The crude oil price has stabilised above US$70 per barrel and global Liquid Natural Gas (“LNG”) markets are expected to remain in oversupply until 2021. Currently, there is limited immediate opportunity for new LNG developments in Australia. However, new supply capacity must be developed in the near term to meet LNG forecast demand as from 2021/22. The platform is targeting potential LNG projects in Australia, Canada, Mozambique and Papua New Guinea.
The hook-up and commissioning (“HUC”) works for the Chevron-operated Wheatstone project were extended during FY2018, with successful close-out in June 2018. Strong execution continued on the central processing facility and floating production, storage and offloading facility for the INPEX-operated Ichthys LNG project. Projects are expected to extend into the first half of FY2019 as Ichthys moves towards first gas.
Considering the soft oil and gas market, Clough has extended their services into complementary growth markets such as Australia’s metals & minerals and infrastructure markets. In FY2018, the platform secured significant projects with BHP and Alcoa in Australia and with Rio Tinto in Mongolia. These projects confirm the platform’s ability to secure projects in complementary markets, due to its large project execution capability.

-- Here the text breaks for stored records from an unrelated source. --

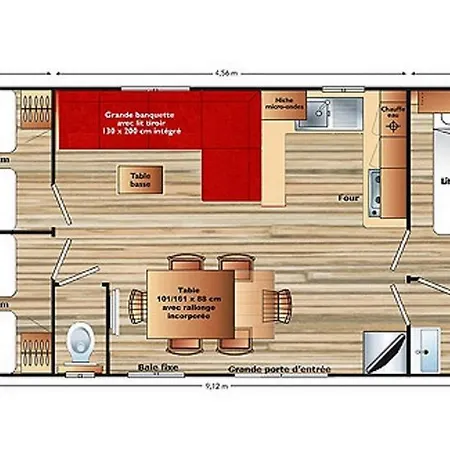 Parque de Campismo Mobil Saint-Jean-de-Monts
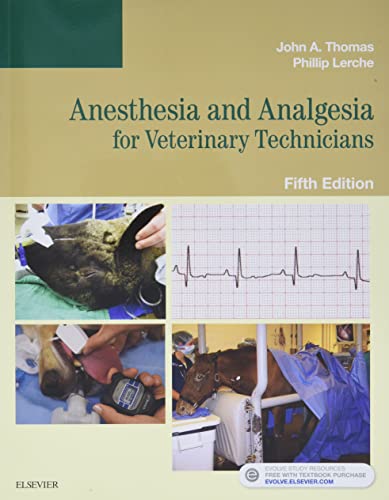 Anesthesia and Analgesia for Veterinary Technicians cover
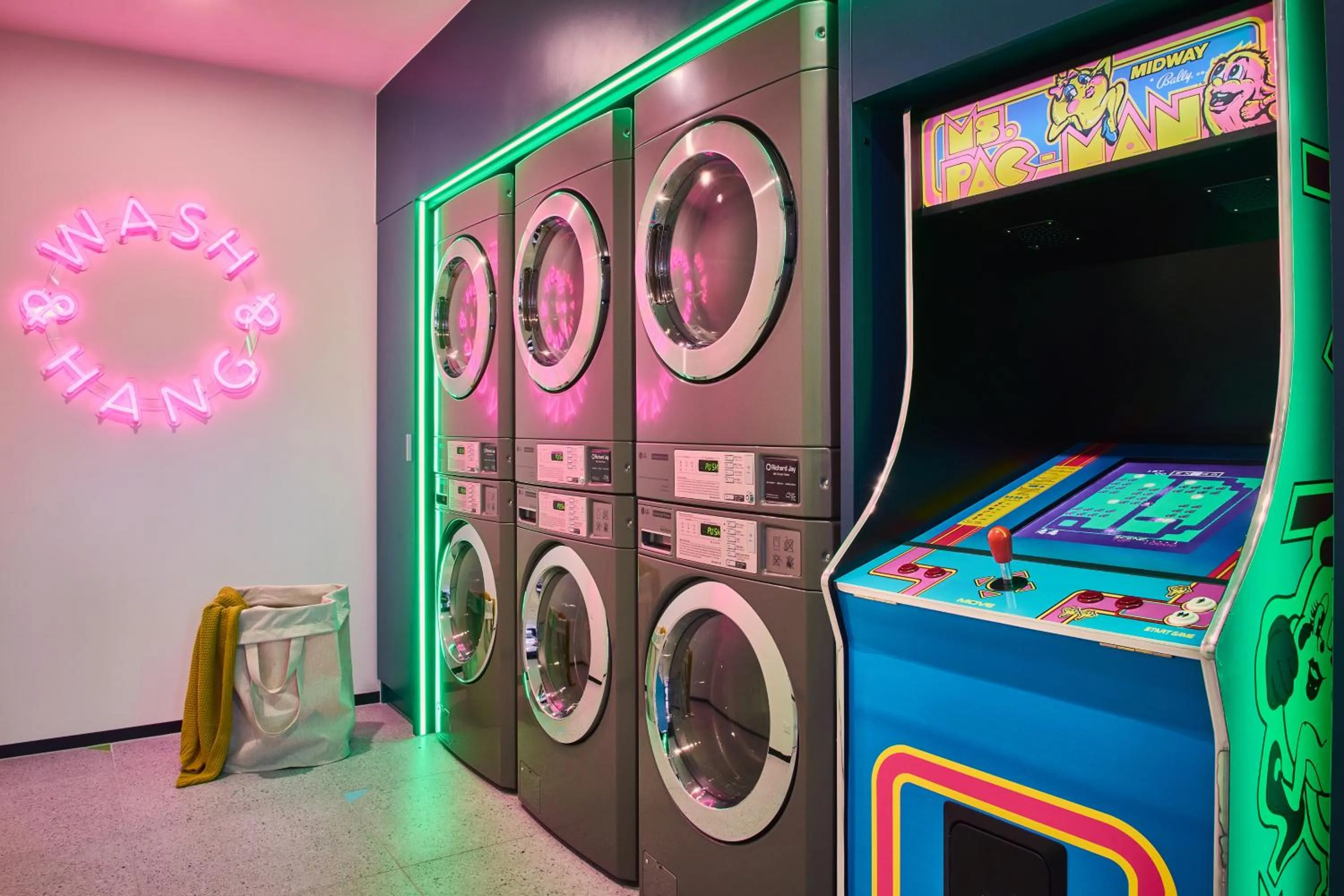 laundry in lyf Collingwood Melbourne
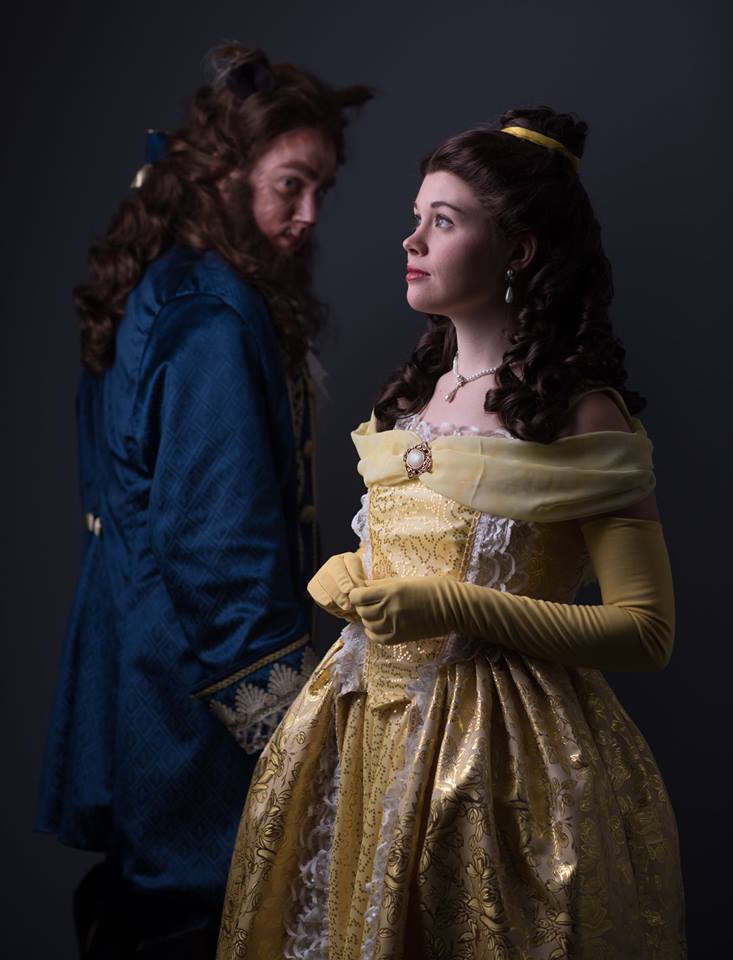Photo Flash: BEAUTY AND THE BEAST at New Stage Theatre Image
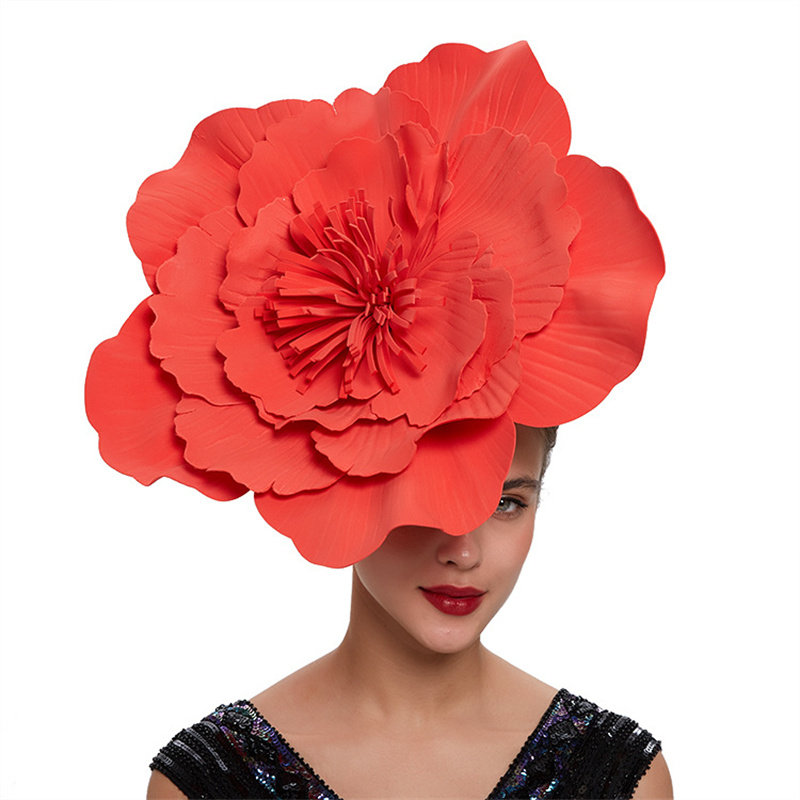 New Large Flower Hair Band Bow - Women Fashion Photoshoot 评论和价格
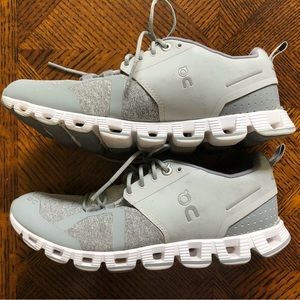 On Cloud Grey Womens Size 7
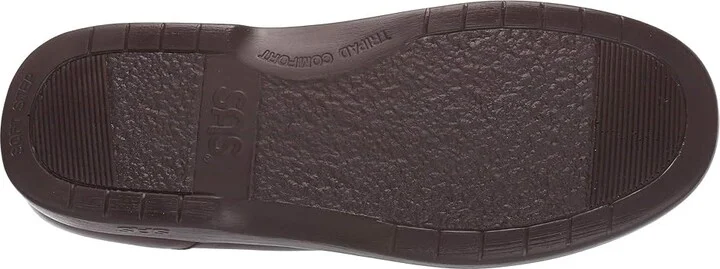 SAS Side Gore Slip On Comfort Loafer Men's Shoes Brown : 11 M - Medium (D), Leather - Image 4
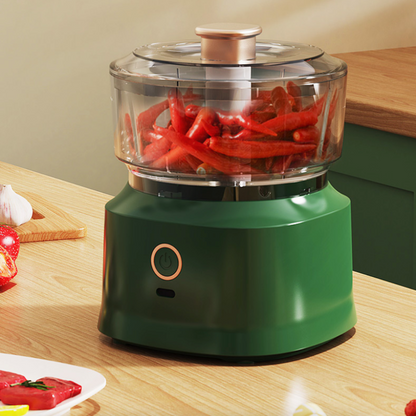 Portable USB Rechargeable Mini Food Chopper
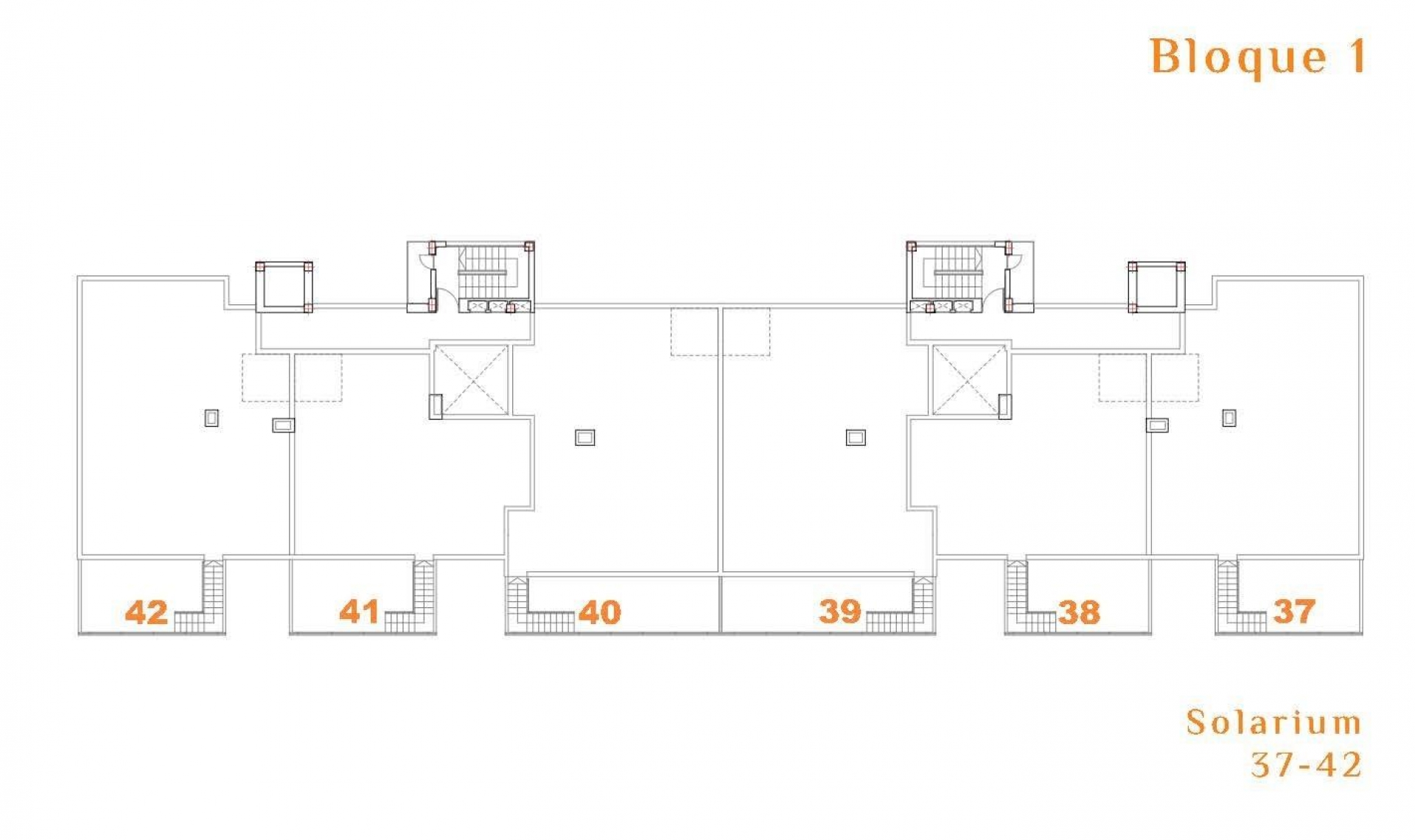New Build - Penthouse -
San Miguel - Pueblo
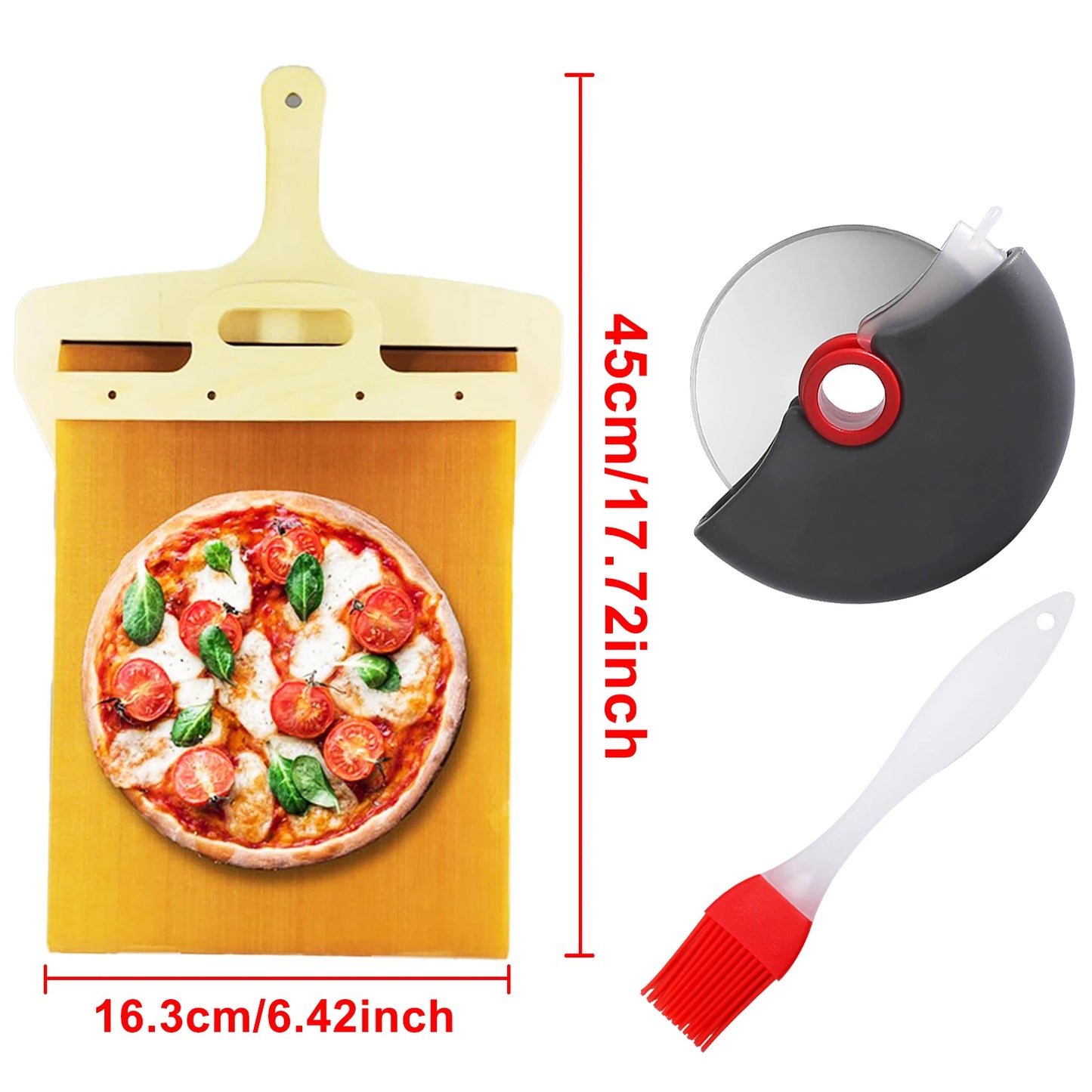 Sliding Pizza Peel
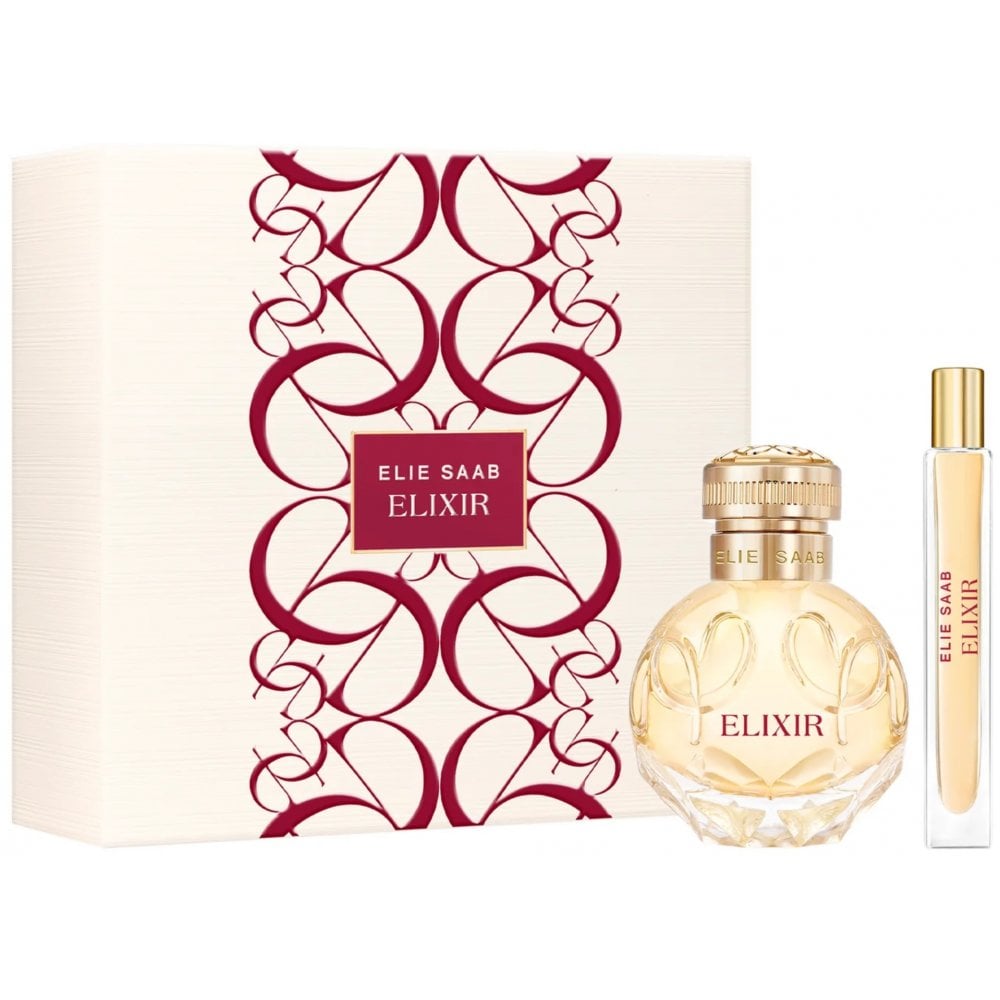 Elie Saab Elie Saab Elixir 50ml EDP Spray + 10ml EDP - Health & Beauty > Personal Care > Cosmetics > Perfumes & Colognes > Eaux de Parfum EDP
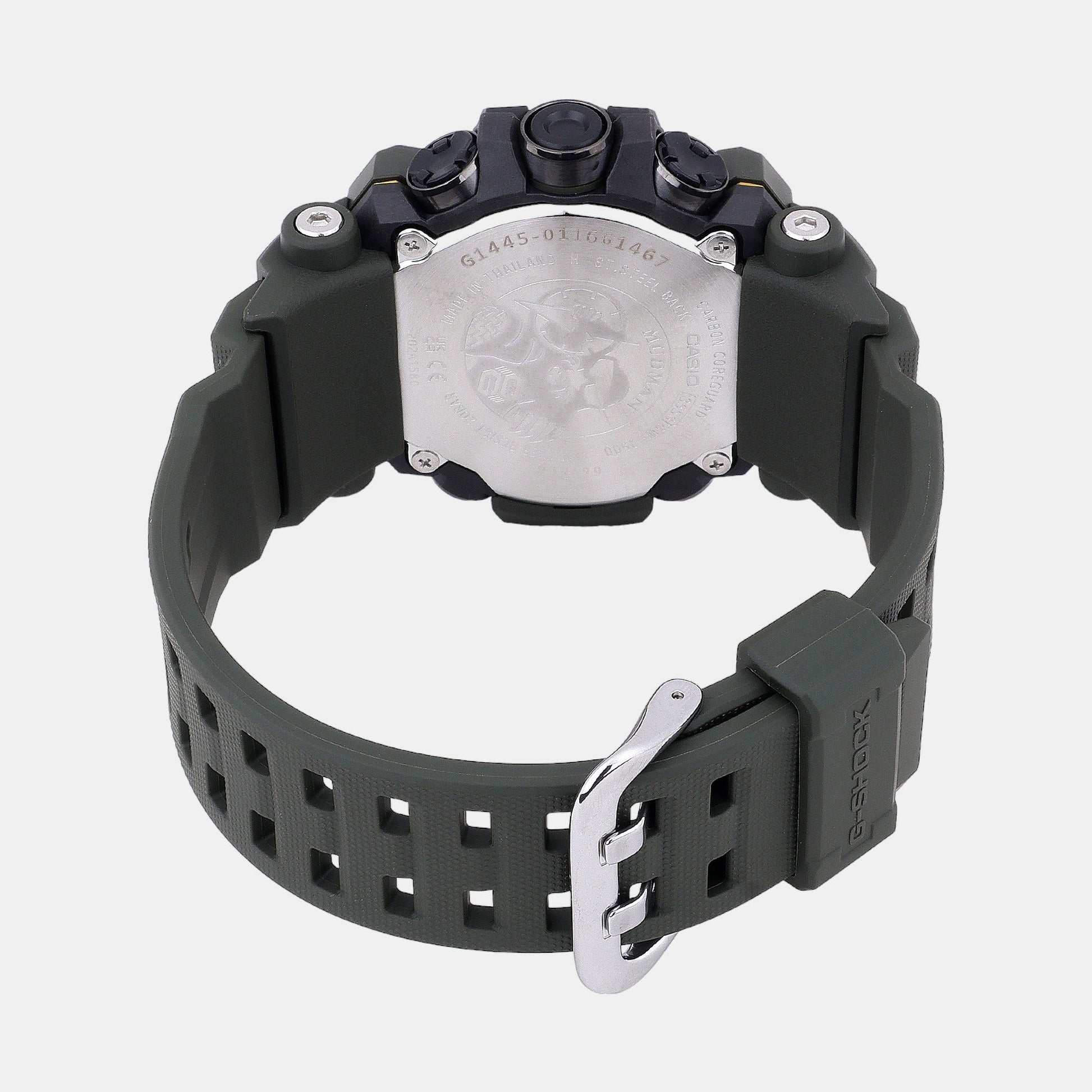 G-Shock Men Quartz Black Dial Digital Resin Watch G1445
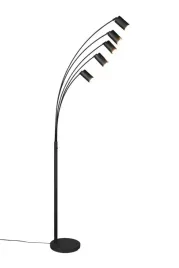 lampa-stojaca-podlogowa-loft-czarna-mat-200cm-5xgu10-trio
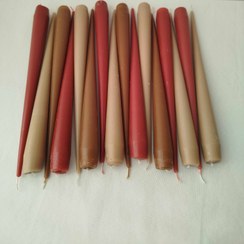 تصویر شمع قلمی مدل نوک تیز ۲۵ سانت خرید مستقیم از تولید کننده 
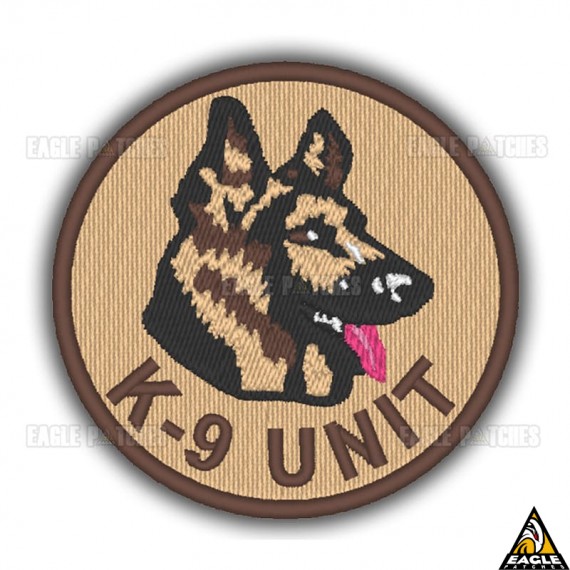 Patch Bordado K9 Unit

Extending the platform’s service offering to complementary markets with active investment programmes is critical for growing earnings and mitigating exposure to the cyclicality of the resources sector. The capital expenditure on infrastructure in Australia is forecast to be more than 10 times the oil and gas spend over the next five years (a funded project portfolio of A$370 billion over the next 10 years). An office has been established in Sydney, to pursue these opportunities on a selective basis.
The platform’s international operations outside Australasia comprise small niche engineering and consulting businesses. Progress is being made with a potential acquisition of a relatively small oil and gas engineering and construction company in the USA, which will enable the platform to extend its services to the growing oil and gas sector in the USA.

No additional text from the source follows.